In the current national imagination, MacDonald is associated with two things: his prodigious alcohol consumption (Gwyn points out that MacDonald did quit drinking) and his eagerness to execute Louis Riel.
"Riel is a romantic hero, and our only hero," Gwyn says. "It was terrible for (MacDonald’s) long-term reputation. But it didn’t hurt him that much at the time. His argument was that it was a political offense and should be treated as one.
"I do think the great tragedy is they were trying to do the same thing, trying to save their nation," he adds. "MacDonald was trying to save Canada and Riel trying to save the Metis."
Still, Gwyn has no doubts about MacDonald’s greatness, nor the grandness of his vision. From the CPR scandal to Canadianizing the West, MacDonald devoted his life to his country.
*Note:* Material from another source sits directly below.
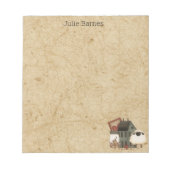 Country Primitive Folk Art Green Saltbox Zuhause Notizblock (Vorderseite)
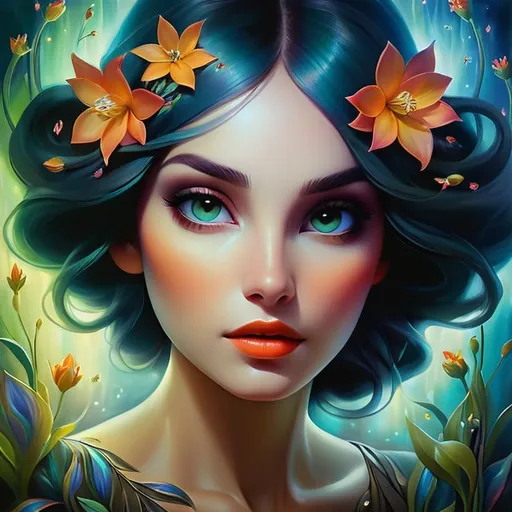 Prompt: Beautiful  hybrid woman with flowers sprouting from her, oil painting, ethereal glow, dark and mysterious, high quality, vibrant colors, surreal, haunting, intricate floral details, intense gaze, mystical atmosphere, oil painting,  ethereal, vibrant colors, surreal, haunting, floral details, intense gaze, mystical atmosphere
"I find it shocking that he tried to extend the vote for women," he says. "Even more, he tried to get Indians the vote. It was a wonderful thing. His idea was so idealistic and daring.
"Why did he care so much? He built it up," he adds. "He was absolutely bound and determined not to be American.
"It was his. He created it. He nurtured it for 25 years. No-one else could have done that."